Obesity has reached epidemic proportions and continues to grow. Yet, the classification of obesity as a disease is not universally agreed. Body Mass Index (BMI) has been the traditional definition; but does not fully capture the metabolic complexities and transformation that occurs at a cellular level.
White Adipose Tissue plays a vital role in energy conversion, thermal regulation and metabolic regulation at a cellular level. However, excess white adipose tissue transforms into a negative metabolic influencer.

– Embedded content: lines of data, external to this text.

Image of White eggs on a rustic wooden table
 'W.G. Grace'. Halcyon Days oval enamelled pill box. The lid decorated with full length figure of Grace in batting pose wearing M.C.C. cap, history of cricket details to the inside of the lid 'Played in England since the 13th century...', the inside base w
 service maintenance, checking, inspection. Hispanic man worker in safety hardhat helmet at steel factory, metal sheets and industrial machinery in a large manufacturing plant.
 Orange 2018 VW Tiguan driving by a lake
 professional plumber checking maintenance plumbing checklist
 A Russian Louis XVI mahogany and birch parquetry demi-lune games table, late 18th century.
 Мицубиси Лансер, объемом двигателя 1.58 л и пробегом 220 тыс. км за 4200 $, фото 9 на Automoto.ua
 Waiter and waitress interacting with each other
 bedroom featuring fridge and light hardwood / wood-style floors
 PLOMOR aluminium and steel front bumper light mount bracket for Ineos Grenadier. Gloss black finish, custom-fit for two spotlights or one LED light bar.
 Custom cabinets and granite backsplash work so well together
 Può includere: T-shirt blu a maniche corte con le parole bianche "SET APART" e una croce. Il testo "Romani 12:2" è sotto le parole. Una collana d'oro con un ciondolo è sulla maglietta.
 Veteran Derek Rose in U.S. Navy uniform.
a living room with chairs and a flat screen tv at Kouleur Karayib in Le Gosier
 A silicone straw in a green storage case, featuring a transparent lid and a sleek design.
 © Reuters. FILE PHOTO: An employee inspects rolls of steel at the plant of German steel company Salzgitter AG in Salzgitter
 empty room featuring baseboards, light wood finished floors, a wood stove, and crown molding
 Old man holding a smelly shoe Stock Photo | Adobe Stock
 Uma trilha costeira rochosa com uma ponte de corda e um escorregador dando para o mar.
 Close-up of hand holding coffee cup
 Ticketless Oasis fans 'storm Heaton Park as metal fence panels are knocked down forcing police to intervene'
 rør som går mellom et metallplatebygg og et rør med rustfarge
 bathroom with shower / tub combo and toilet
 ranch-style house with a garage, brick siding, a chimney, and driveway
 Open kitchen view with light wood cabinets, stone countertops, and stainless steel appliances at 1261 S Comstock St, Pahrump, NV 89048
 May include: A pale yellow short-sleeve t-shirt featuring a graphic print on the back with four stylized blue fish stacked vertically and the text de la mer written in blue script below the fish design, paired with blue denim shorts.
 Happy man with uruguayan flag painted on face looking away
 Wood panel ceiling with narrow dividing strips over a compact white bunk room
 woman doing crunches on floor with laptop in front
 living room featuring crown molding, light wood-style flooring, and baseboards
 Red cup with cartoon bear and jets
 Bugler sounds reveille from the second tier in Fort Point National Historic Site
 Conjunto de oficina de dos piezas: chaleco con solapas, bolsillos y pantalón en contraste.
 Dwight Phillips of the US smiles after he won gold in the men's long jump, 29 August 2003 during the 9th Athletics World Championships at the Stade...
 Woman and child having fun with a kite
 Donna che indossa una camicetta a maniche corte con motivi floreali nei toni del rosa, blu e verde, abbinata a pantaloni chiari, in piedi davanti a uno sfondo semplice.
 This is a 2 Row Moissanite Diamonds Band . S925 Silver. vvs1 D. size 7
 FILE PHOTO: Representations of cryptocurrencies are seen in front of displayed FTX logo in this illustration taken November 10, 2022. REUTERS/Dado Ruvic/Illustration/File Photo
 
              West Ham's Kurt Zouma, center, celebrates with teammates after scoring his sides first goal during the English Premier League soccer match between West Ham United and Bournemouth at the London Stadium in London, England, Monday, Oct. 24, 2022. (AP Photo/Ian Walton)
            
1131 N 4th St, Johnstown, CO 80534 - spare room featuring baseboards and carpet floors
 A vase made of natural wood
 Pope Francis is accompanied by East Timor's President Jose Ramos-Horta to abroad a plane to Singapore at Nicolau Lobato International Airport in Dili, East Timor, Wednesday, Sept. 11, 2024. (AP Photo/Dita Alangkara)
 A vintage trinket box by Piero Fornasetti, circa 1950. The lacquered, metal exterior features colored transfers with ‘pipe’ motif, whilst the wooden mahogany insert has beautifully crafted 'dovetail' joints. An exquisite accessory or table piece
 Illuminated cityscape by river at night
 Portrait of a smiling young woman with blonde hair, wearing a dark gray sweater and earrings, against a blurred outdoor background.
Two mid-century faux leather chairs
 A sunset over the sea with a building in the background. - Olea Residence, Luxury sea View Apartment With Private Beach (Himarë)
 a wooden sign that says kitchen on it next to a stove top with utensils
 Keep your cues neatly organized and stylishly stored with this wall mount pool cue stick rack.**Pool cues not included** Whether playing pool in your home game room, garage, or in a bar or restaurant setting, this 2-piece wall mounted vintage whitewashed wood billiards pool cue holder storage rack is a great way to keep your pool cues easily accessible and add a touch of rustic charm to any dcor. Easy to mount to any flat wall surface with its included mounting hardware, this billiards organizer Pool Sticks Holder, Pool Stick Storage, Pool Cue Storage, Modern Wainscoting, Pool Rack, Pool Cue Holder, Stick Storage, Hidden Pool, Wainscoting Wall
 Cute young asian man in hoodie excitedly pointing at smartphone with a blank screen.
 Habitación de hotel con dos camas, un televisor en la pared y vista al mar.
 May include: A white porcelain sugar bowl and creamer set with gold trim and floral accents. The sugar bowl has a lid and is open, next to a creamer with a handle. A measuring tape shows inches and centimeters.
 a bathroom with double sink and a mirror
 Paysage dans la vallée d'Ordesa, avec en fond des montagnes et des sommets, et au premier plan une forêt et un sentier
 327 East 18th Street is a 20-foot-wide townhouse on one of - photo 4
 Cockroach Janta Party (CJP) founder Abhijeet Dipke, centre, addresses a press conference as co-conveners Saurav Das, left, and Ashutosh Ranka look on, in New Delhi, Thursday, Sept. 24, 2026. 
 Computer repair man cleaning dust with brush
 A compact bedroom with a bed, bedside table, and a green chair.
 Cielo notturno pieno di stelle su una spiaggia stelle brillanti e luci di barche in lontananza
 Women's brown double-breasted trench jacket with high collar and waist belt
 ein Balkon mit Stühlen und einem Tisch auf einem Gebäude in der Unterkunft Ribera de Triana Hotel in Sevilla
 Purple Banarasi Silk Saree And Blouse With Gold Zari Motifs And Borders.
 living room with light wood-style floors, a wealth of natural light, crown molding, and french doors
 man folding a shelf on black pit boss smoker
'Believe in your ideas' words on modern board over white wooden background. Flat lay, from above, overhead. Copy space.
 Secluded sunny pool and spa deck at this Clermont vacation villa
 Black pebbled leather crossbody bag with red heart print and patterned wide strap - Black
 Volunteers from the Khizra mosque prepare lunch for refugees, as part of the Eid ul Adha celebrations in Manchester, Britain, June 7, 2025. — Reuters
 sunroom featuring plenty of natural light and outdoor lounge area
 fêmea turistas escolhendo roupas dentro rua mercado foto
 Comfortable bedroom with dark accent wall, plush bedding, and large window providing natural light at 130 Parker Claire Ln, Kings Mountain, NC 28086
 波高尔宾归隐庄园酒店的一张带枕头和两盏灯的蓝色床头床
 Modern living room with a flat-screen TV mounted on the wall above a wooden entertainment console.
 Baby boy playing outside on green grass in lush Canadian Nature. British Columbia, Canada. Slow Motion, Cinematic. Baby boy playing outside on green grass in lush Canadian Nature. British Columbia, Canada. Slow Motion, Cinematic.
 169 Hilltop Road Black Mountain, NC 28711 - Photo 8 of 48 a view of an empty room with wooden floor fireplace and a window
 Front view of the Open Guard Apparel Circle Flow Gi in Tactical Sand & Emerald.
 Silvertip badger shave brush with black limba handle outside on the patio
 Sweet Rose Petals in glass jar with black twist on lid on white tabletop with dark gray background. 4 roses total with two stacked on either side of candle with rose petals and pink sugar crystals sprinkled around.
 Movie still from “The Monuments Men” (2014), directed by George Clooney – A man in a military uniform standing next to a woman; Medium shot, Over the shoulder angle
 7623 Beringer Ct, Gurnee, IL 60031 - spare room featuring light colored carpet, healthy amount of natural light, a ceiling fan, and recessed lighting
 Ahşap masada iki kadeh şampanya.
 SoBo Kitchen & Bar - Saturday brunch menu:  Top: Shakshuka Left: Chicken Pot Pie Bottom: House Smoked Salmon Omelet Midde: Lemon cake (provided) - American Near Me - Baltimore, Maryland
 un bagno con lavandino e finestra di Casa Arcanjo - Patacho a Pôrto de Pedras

Obesogenic conditions leading to adipocyte enlargement (hypertrophy) and adipose tissue accumulation (hyperplasia) have been shown to contribute to several cardiovascular risk factors including insulin resistance, atherogenic dyslipidemia and hypertension. Together the cardiovascular risk factors form the foundational clinical definition of Metabolic Syndrome (MetS). Our intent is now to introduce Excess White Adipose Tissue Syndrome (eWATS) as a clinical entity in which WAT hypertrophy is on the casual pathway of metabolic dysfunctions collectively known as MetS. eWATS provides for a more concise and actionable diagnostic category with clearly define biochemical and physiologic abnormalities that precede the development of MetS risk factors.
“White Adipose Tissue (WAT), while previously regarded as passive lipid storage, is now considered to be a dynamic tissue with endocrine and immune functions.”
Because adipokine dysregulation resulting from the hypertrophy and hyperplasia of WAT appears to precede a series of events leading to several recognized disorders and elevated risk profiles. Dr Martinez team has proposed the definition of Excess White Adipose Tissue Syndrome (eWATS) as an actionable clinical entity for early intervention.
“WAT is a metabolically active organ that secretes several cytokine signaling molecules known as adipokines, into systemic circulation.”